Can I deploy services to other machines in the cluster?

I have a cluster consisting of three machines (A, B, C). I want to specify the ip of B through serve.start() on machine A, and it prompts me that the binding fails. Does the ray server support this deployment method?

@839576266 you only need to call serve.start on one machine; the replicas of your deployments will be placed across the cluster.

The http_host is what host the http server should bind to on each node (typically localhost or 0.0.0.0).

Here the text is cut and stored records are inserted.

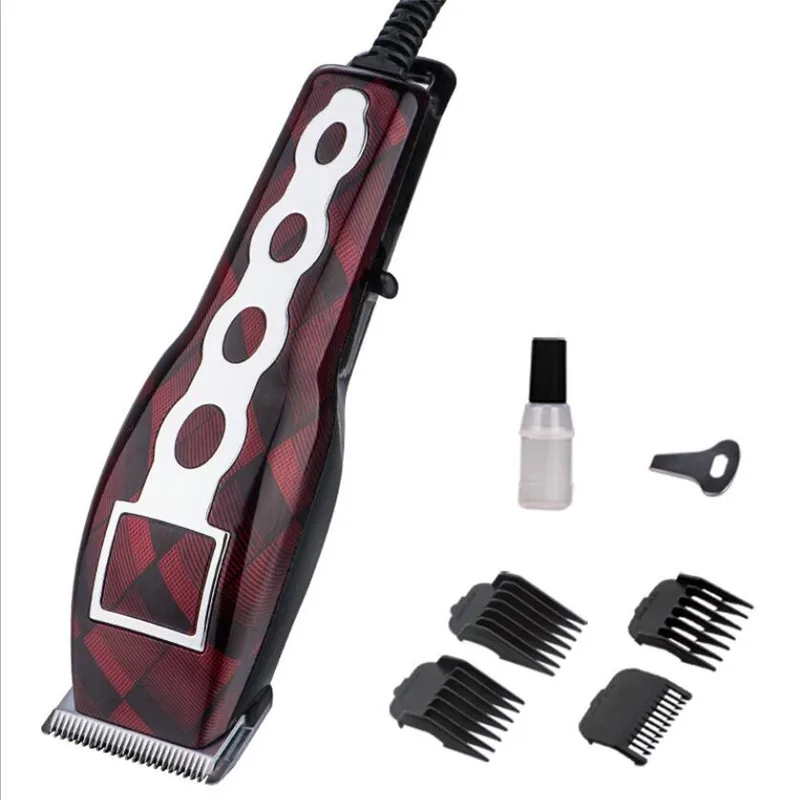 Personal Care Appliances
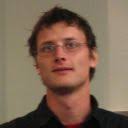 <b>Sebastian Schroeder</b> works as a consultant in the InfoSec arena and is a PhD <b>...</b> - person-1059-128x128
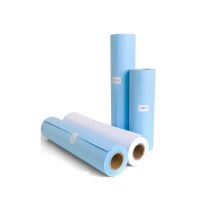 Engineering Blueprint Paper Rolls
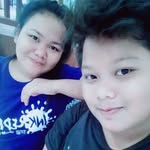 Angel Canada Gadioma - @angelcanadagadioma - Instagram
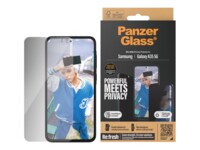 PanzerGlass Privacy Samsung Galaxy A35
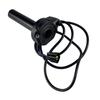 Universal Motorcycle Velocities Control Handle with Accurate Hall Effect System Simple Operate For Various Bike Models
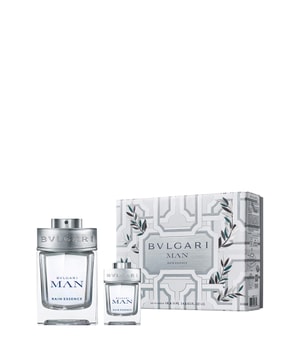 BVLGARI Man Coffret parfum 1 art. 783320422331 base-shot_fr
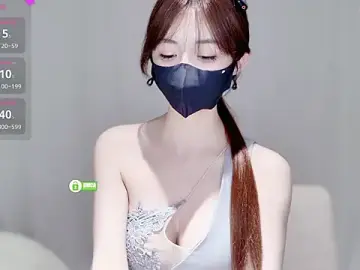 Stripchat Adult Webcam of -Hell0-Kitty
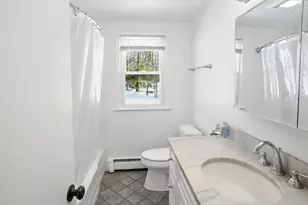 19 Lantern Ln, Chelmsford, MA 01824 - Photo 27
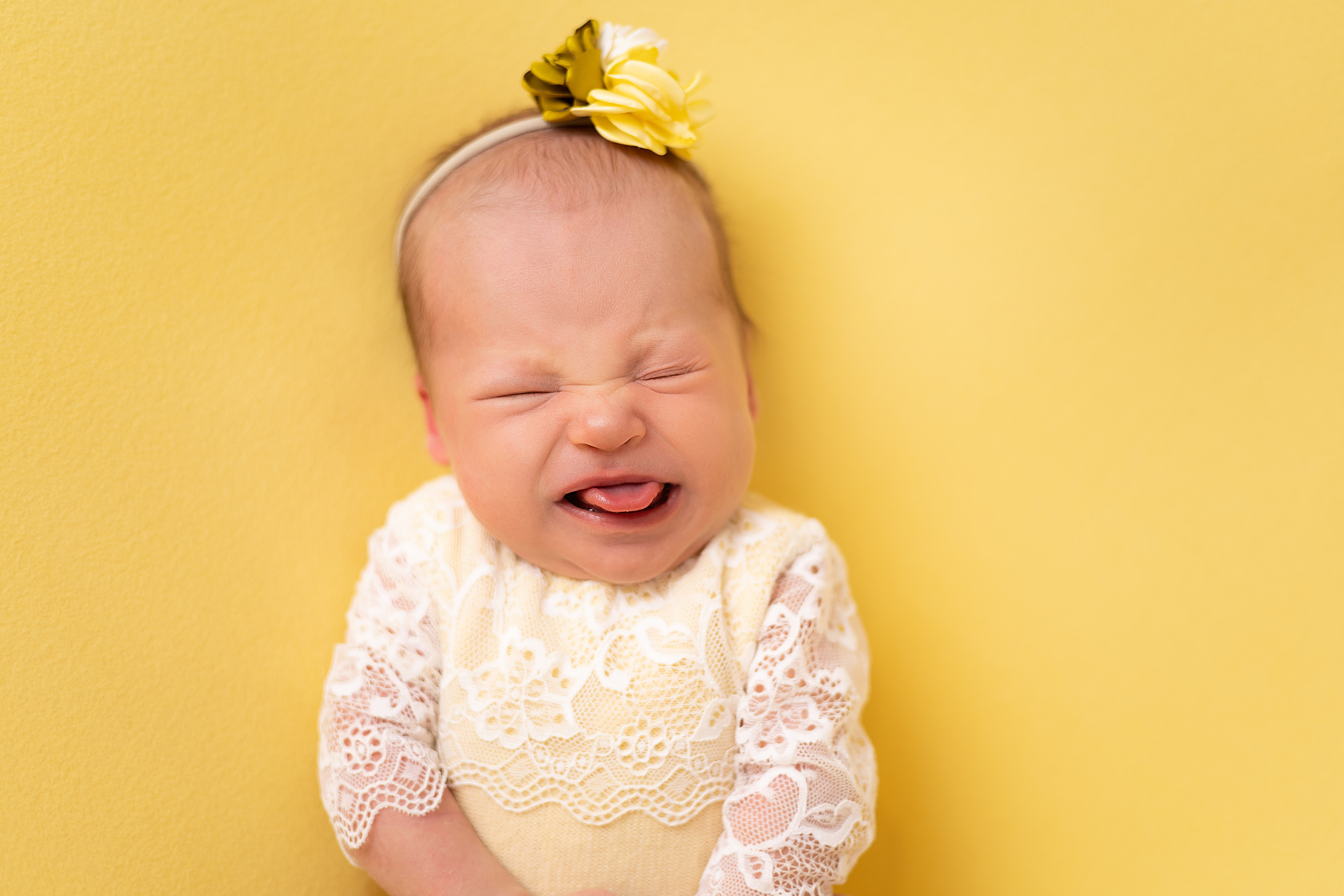 Новорожденные. Детский новорождённых и детей постарше Анисимова Полина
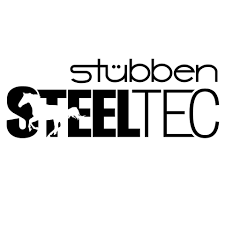 Stübben Fine Line Hamersporen 25mm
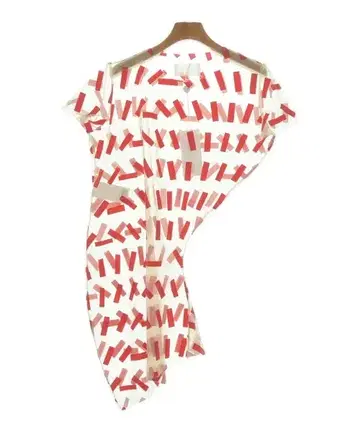Maison Margiela 원피스 여성용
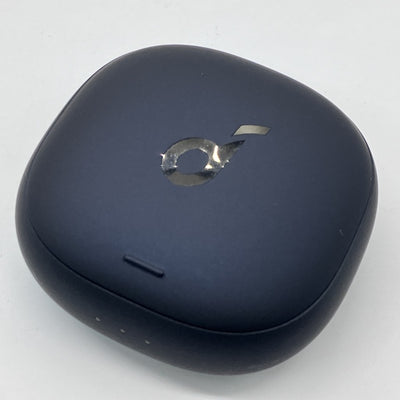【中古】Soundcore Liberty Air 2 Pro ブラック 【A3951N11】【秋葉原】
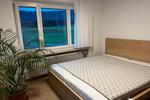 Etagenwohnung Waltenhofen - 2 Zimmer, 50 m&sup2;, 700&euro; | Angebot:26315194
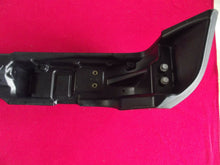 Load image into Gallery viewer, 2018 2019 2020 2021 Jeep Wrangler JL OEM Rear Bumper Assembly Factory 2 &amp; 4 Door
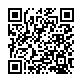 ㈱スズキ自販青森　 U’s STATIONむつQRコード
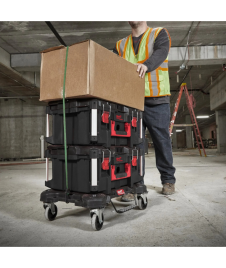 Test-capacité-trolley-plat-PACKOUT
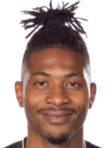 https://img.jingyuzhiboe.com.cn/img/football/player/83afff769466becea189646b925cfd61.png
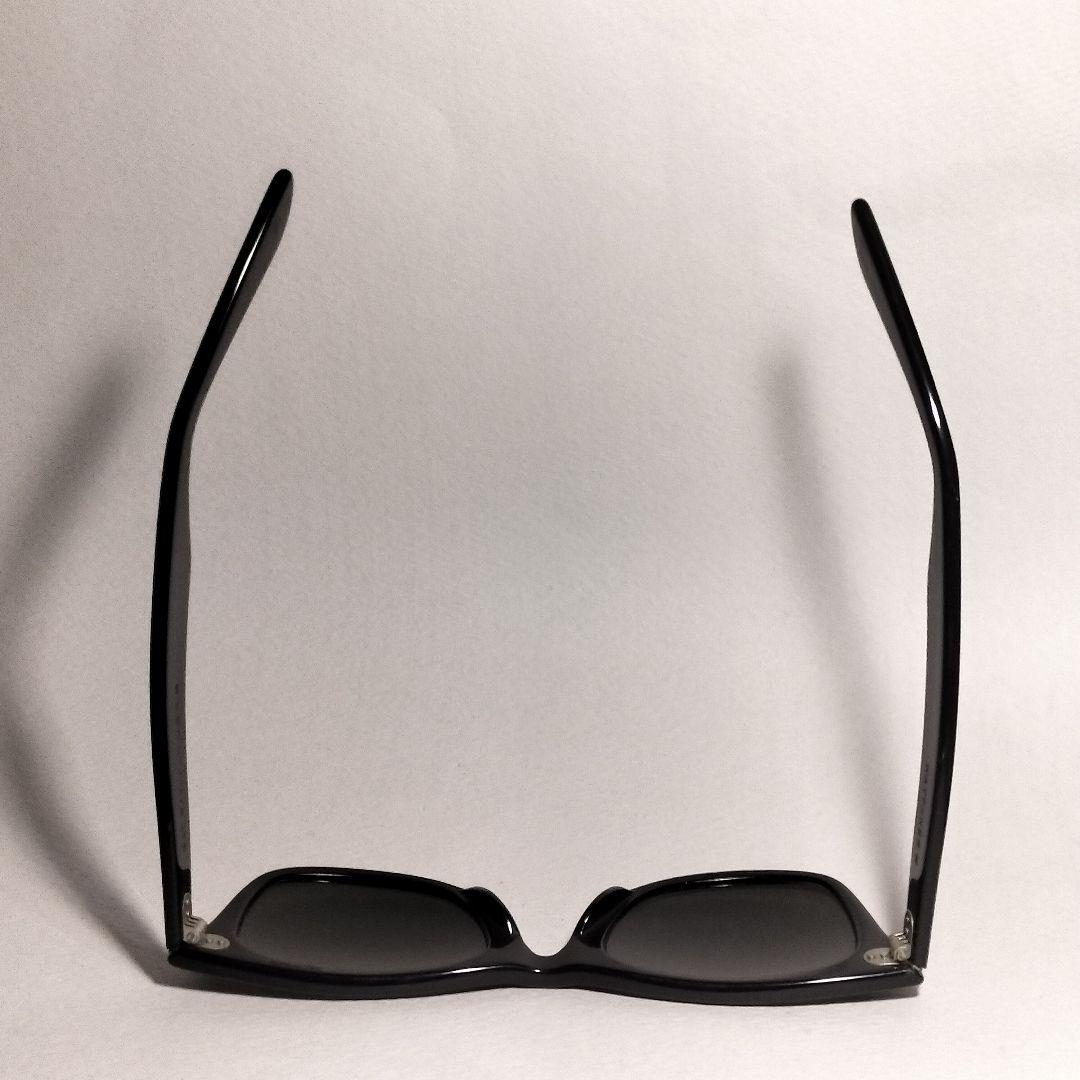 黒　FE　B&L 5022＊　WAYFARER＊　RAY-BAN U.S.A.＊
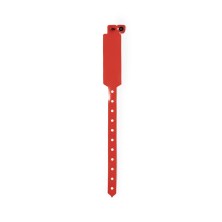 Pulsera Multi
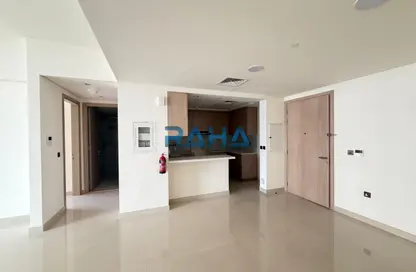 شقة - غرفة نوم - 1 حمام للايجار في باي ريزيدنس - جزيرة حياة - ميناء العرب - راس الخيمة - رأس الخيمة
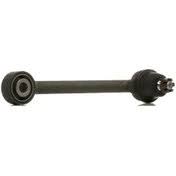 طبق بالايي چرخهاي عقب I30 اصل (باضمانت) (551002G000*PMC)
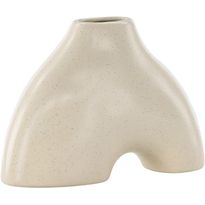 Maljakko Venture Home Kento, 21x8x15cm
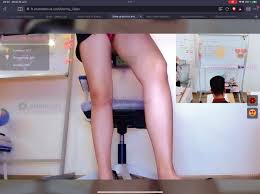 Stormy class 250420232 - CamWhores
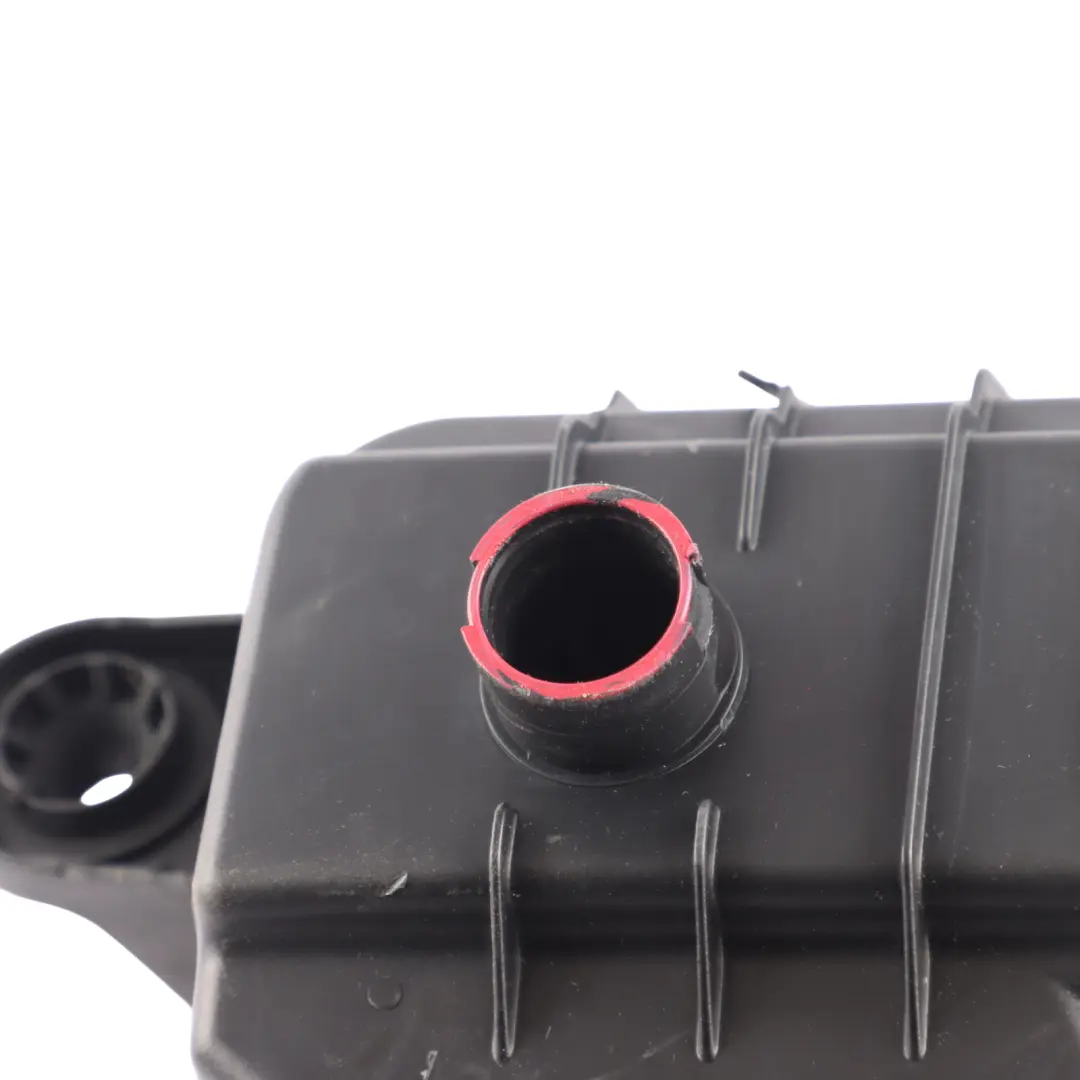 VW Skoda Seat Audi Obudowa Filtra Powietrza Silnika 2.0 TDI - SKU 5Q0129607AA - Numer Części 5Q0129607AA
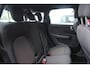 MINI Countryman 2.0 Cooper D Pepper | Nav | Cruise | Harman Kardon |Pano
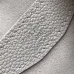 Louis Vuitton Shoulder Bags Chip version Milky Way #B51495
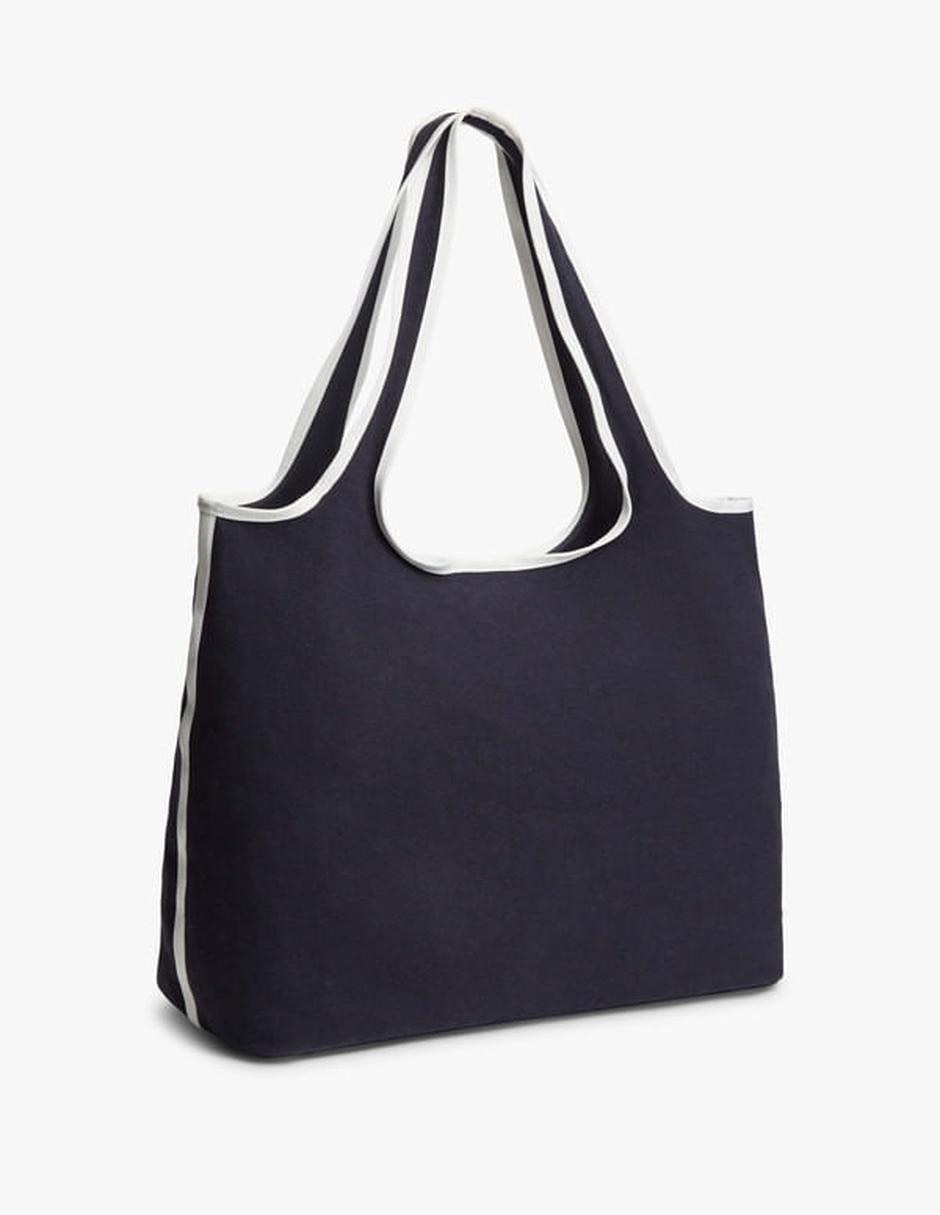 Bolsa tote para mujer 3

I tried to bind the host in serve.start(), but it doesn’t seem to work, is there anything else I need to configure?

import time

import ray
from ray import serve

environment_dict = {
    "working_dir": "/home/hwd/kernel"
}

ray.init(address='ray://10.3.70.138:10001', runtime_env=environment_dict)

http_dict = {"host": "10.3.70.140", "port": 9009}
serve.start(http_options=http_dict)


@serve.deployment
def hello(request):
    name = request.query_params["name"]
    return f"Hello {name}!"


# Deploy model.
info = hello.options(num_replicas=3).deploy()
while True:
    time.sleep(5) 

But script occurred exception:

Traceback (most recent call last):
  File "/tmp/pycharm_project_188/tests/hik_serving/test/ray_test.py", line 19, in <module>
    serve.start(http_options=http_dict)
  File "/usr/lib/fedai/hikflkernel/.venv/lib/python3.8/site-packages/ray/serve/api.py", line 465, in start
    ray.get(
  File "/usr/lib/fedai/hikflkernel/.venv/lib/python3.8/site-packages/ray/_private/client_mode_hook.py", line 104, in wrapper
    return getattr(ray, func.__name__)(*args, **kwargs)
  File "/usr/lib/fedai/hikflkernel/.venv/lib/python3.8/site-packages/ray/util/client/api.py", line 42, in get
    return self.worker.get(vals, timeout=timeout)
  File "/usr/lib/fedai/hikflkernel/.venv/lib/python3.8/site-packages/ray/util/client/worker.py", line 359, in get
    res = self._get(to_get, op_timeout)
  File "/usr/lib/fedai/hikflkernel/.venv/lib/python3.8/site-packages/ray/util/client/worker.py", line 386, in _get
    raise err
types.RayTaskError(ValueError): ray::HTTPProxyActor.ready() (pid=27111, ip=10.3.70.138, repr=<ray.serve.http_proxy.HTTPProxyActor object at 0x7f8f8119be20>)
OSError: [Errno 99] Cannot assign requested address

During handling of the above exception, another exception occurred:

ray::HTTPProxyActor.ready() (pid=27111, ip=10.3.70.138, repr=<ray.serve.http_proxy.HTTPProxyActor object at 0x7f8f8119be20>)
  File "/usr/local/abm/python/lib/python3.8/concurrent/futures/_base.py", line 432, in result
    return self.__get_result()
  File "/usr/local/abm/python/lib/python3.8/concurrent/futures/_base.py", line 388, in __get_result
    raise self._exception
  File "/usr/lib/fedai/hikflkernel/.venv/lib/python3.8/site-packages/ray/serve/http_proxy.py", line 329, in ready
    return await done_set.pop()
  File "/usr/lib/fedai/hikflkernel/.venv/lib/python3.8/site-packages/ray/serve/http_proxy.py", line 348, in run
    raise ValueError(
ValueError: Failed to bind Ray Serve HTTP proxy to '10.3.70.140:9009'.
Please make sure your http-host and http-port are specified correctly. 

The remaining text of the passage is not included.